The 1897 École des Beaux-Arts vs. Académie Julian football game was a college football game between American students of the École des Beaux-Arts and the Académie Julian, played on Thanksgiving Day November 25, 1897 at 2:30 pm in Levallois near Paris, France. Considered the first American football game ever played in Europe. The game was promoted by Robert D. Farquhar and was played on the grounds owned by the Racing Club de France.

==The Teams==
The teams were to consist of American students, mostly architects, lived in Paris.
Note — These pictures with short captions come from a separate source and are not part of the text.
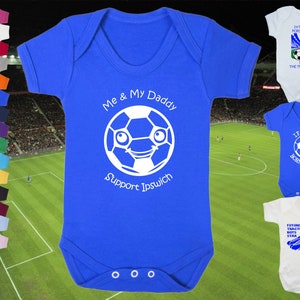IPSWICH TOWN Football BABYGROW Bodysuit Sleep Vest Short Sleeve Romper Gift-Premature to 2-3yrs-18 colours-100% Cotton-Unisex/Boy/Girl-Daddy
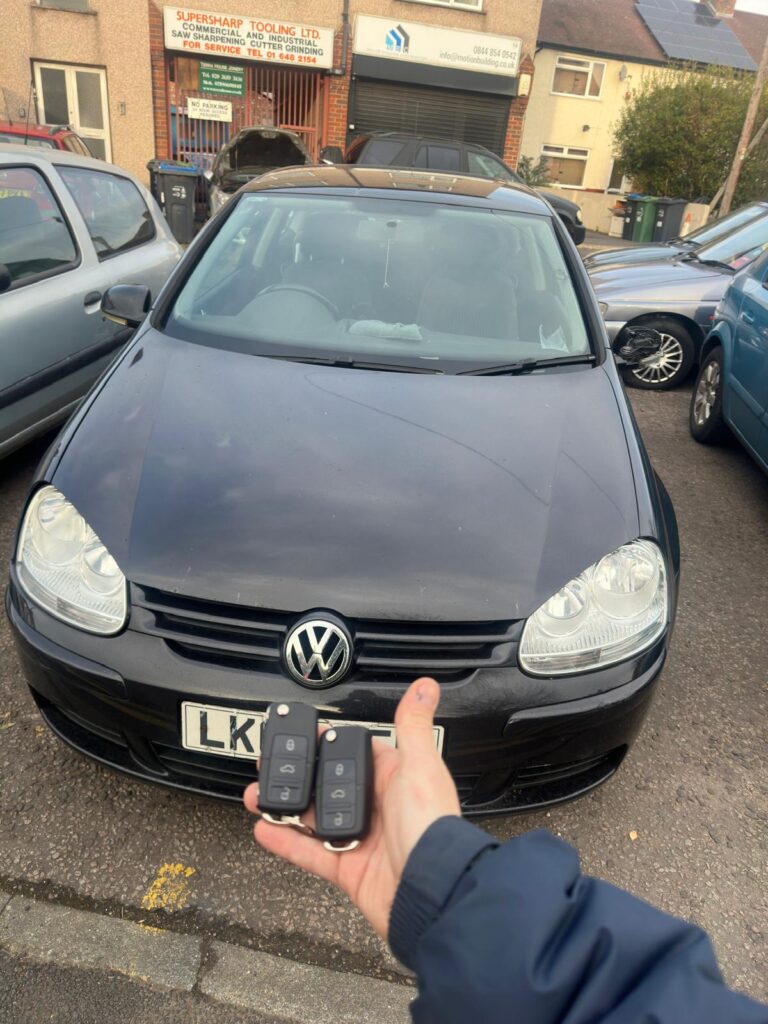 new replacement car key on the spot.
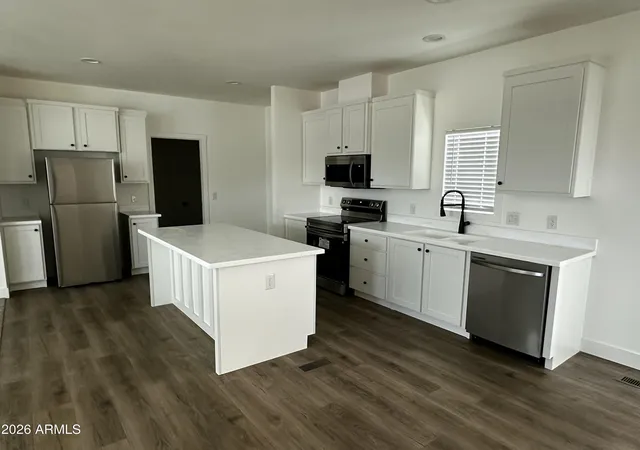 Photo 4 of Manufactured home for sale at 8819 N Sayonara Trl, Florence, AZ 85132 | MLS# 7073133 | Listing updated on 2026-09-03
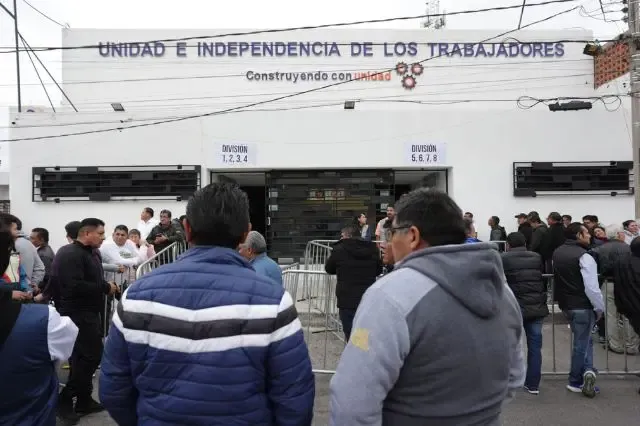 Sindicato de VW acuerda pedir aumento del 12 a 15%; el año pasado tuvieron 4%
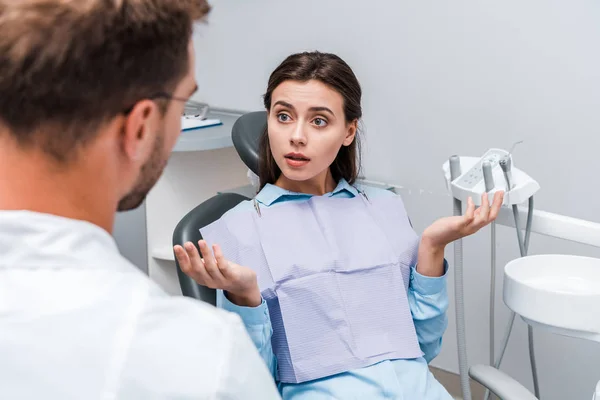 Foyer Sélectif Femme Attrayante Montrant Geste Haussement Épaules Près Dentiste — Photo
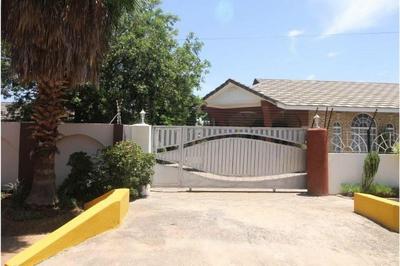House For Sale in Block 9, Gaborone, Block 9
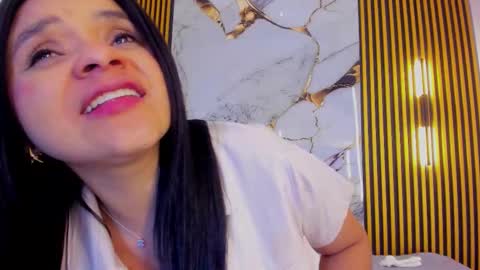 Snapshot of indi_catalina chatting on February 1, 7:12 pm Indi Catalina online show from February 1, 7:12 pm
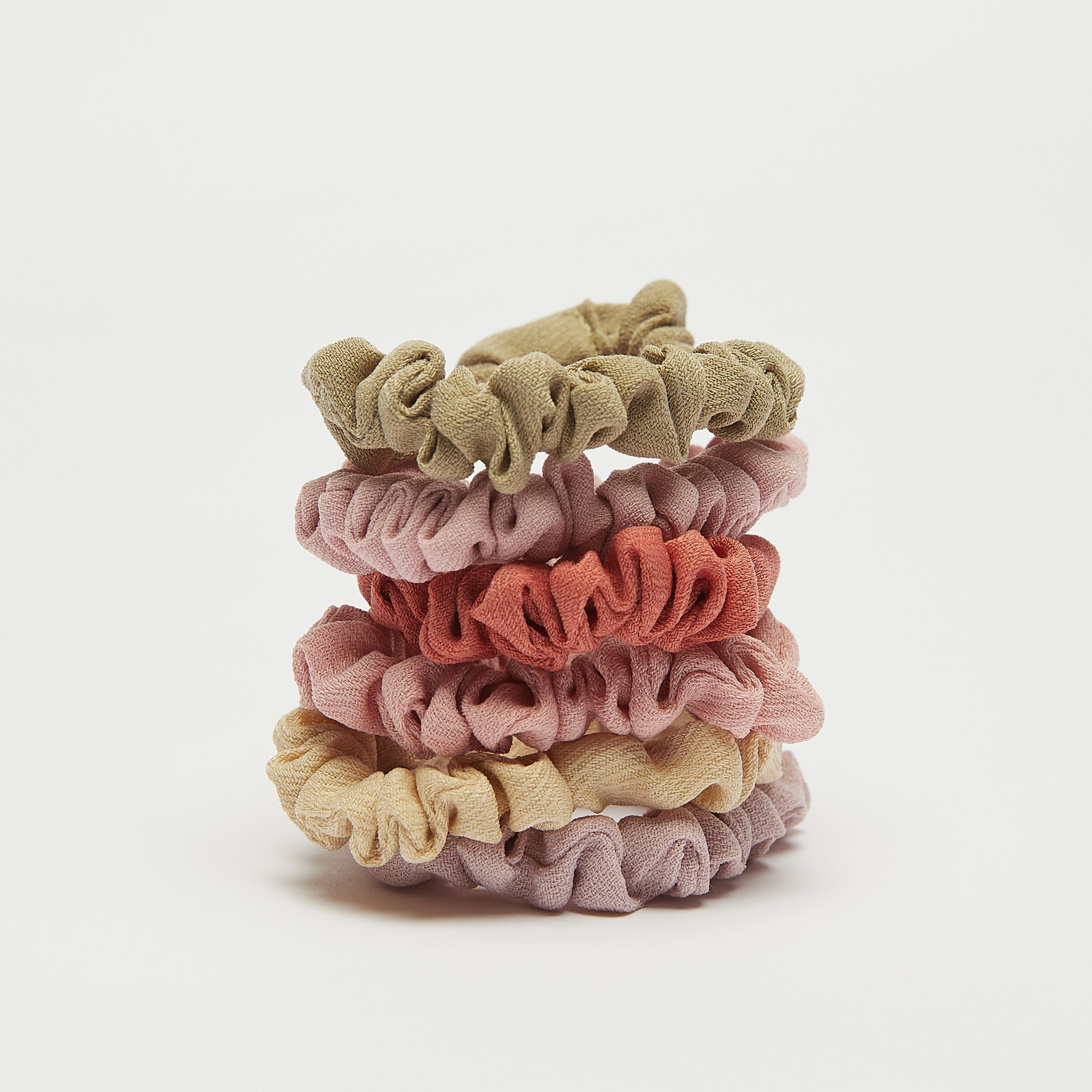 سكرانشي شعر مطاطي من جلوو - طقم 6 قطع-women-hairaccessories-image-1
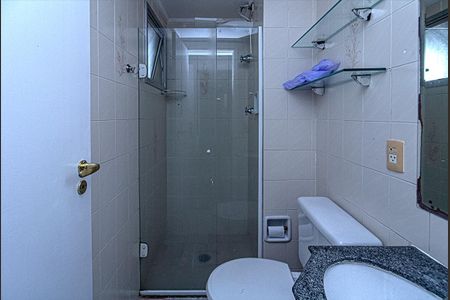 Apartamento à venda com 65m², 2 quartos e 2 vagasbanheiro social_2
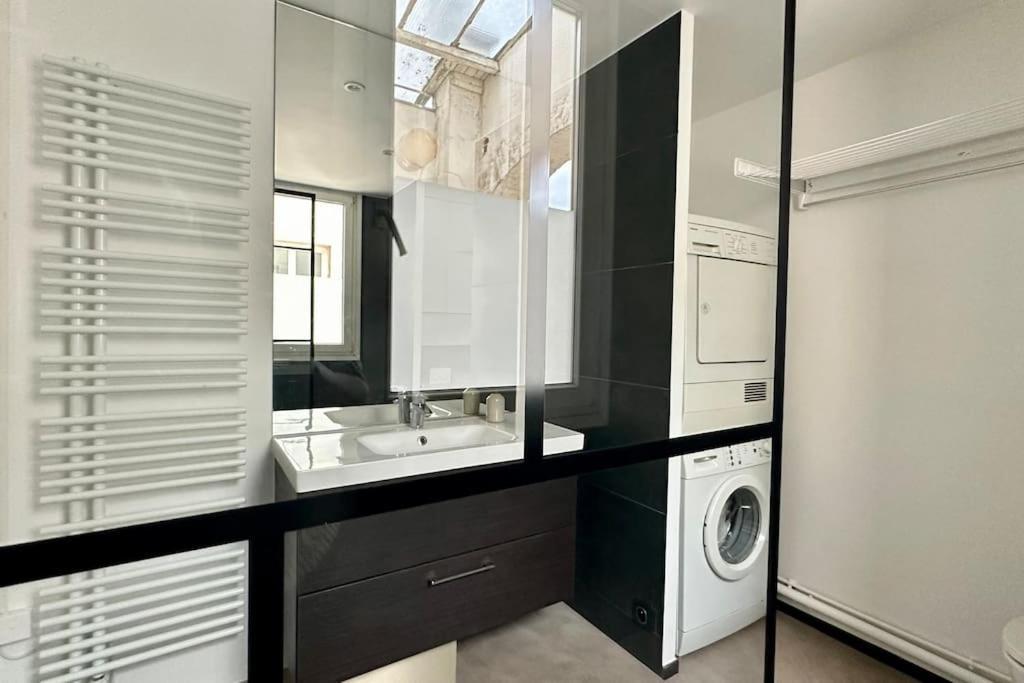 Apartment Lumineux Et Moderne En Face Du Grand Palais - Champs Elysees Paris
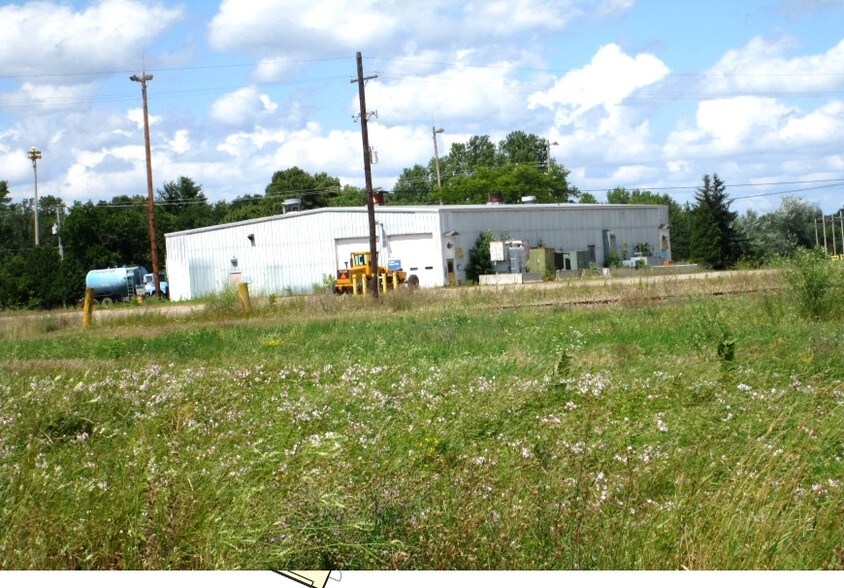 100 Wisconsin River Dr, Port Edwards, WI for sale - Building Photo - Image 1 of 1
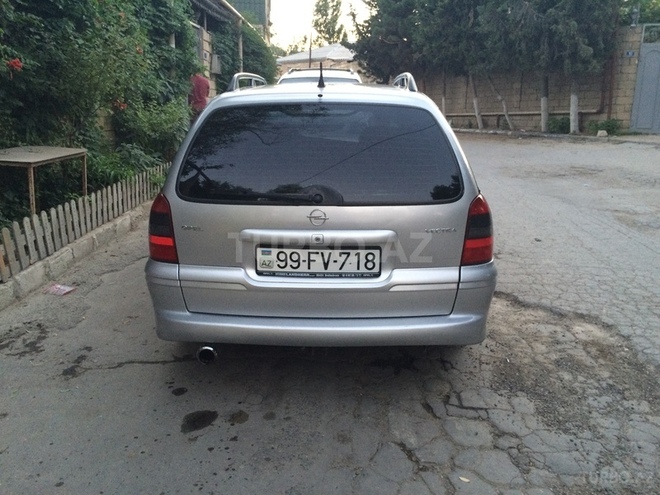 Opel Vectra 2000, 210,000 km - 1.6 l - Bakı
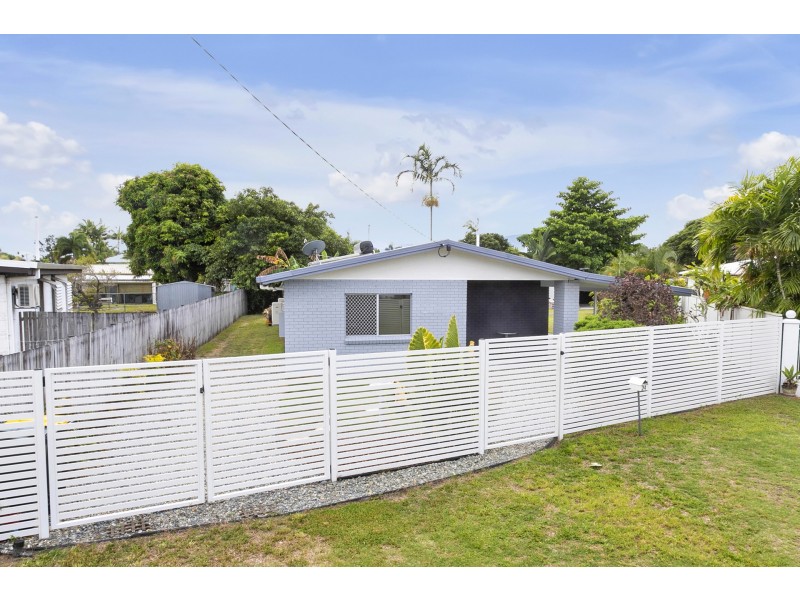 24 Lois Street, Mooroobool QLD 4870
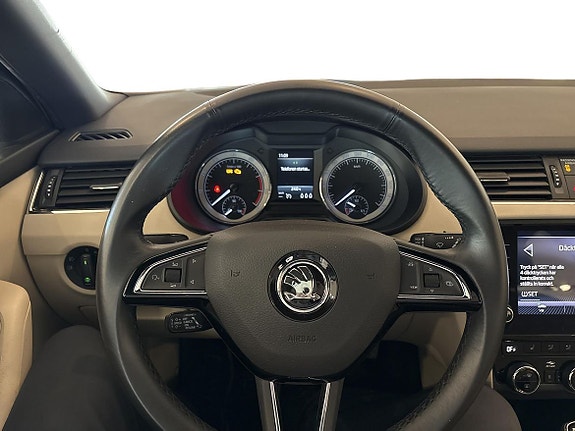 Skoda Octavia 9 of 14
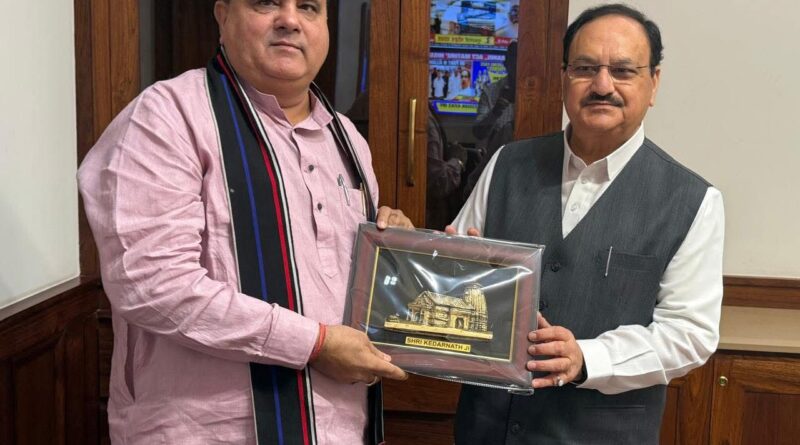 भाजपा प्रदेश अध्यक्ष महेंद्र भट्ट ने  राष्ट्रीय अध्यक्ष जेपी नड्डा से मुलाकात कर उत्तराखंड में जारी पंचायत चुनाव प्रक्रिया की दी जानकारी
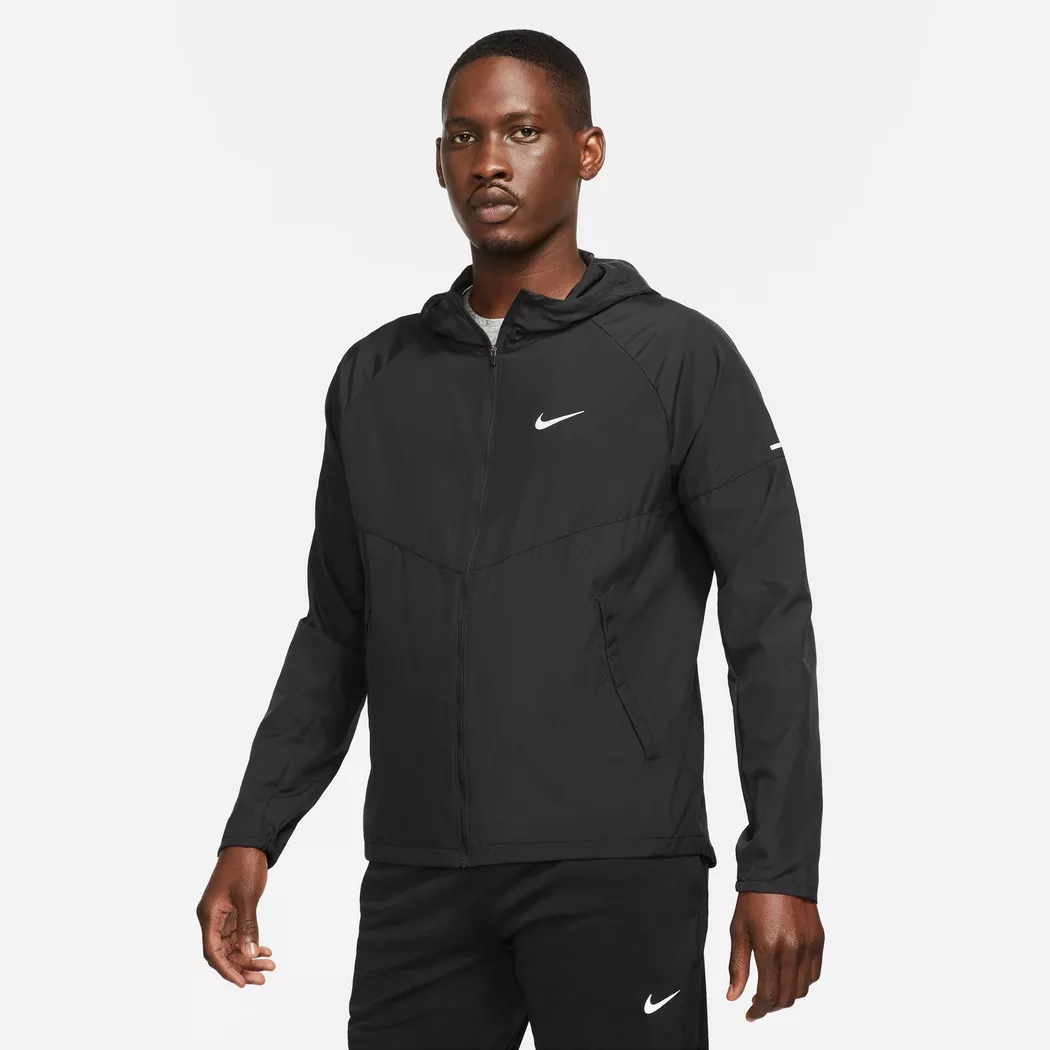 Laufjacke NIKE "Repel Miler Men's Running Jacket", Herren, Gr. XXL, schwarz, Obermaterial: 100% Polyester, Jacken, mit Kapuze, wasserabweisend, verstaubares Design, für nasses Wetter, Topseller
- Robert D. Farquhar, Harvard, '94, quarterback and captain;
- Joseph Howland Hunt, Harvard, '93, center;
- H. G. Acken, Columbia, '94, left guard;
- Charles Merrick Gay, Harvard, '93, right tackle;
- Samuel Lendall Pitts, Harvard, '97, left end;
- Édouard Frère Champney, Harvard, '96, right end;
- John Harleston Parker, Harvard, '93, right halfback;
- Howard P. Greenley, Trinity, '94, left halfback;
- George Richmond Fearing, Harvard, '93, fullback;
- John S. Humphries, Technology, '95, quarterback and captain;
- Louis Warren Pulsifer, Columbia, '91, right guard;
- Paul Armon Davis III, Penn, '94, left guard;
- Robert Gray Dodge, Harvard, '93, right tackle;
- Kenneth MacKenzie Murchison, Columbia, '94, left tackle;
- J. H. Lee, Yale, '95, right end;
- H. B. Hartshorn, New York, left end;
- Francke Huntington Bosworth, Yale, '97, right halfback;
- Arthur Brown, Jr., University of California, '96, left halfback,
- John P. Bakewell, Jr., University of California, '95, fullback.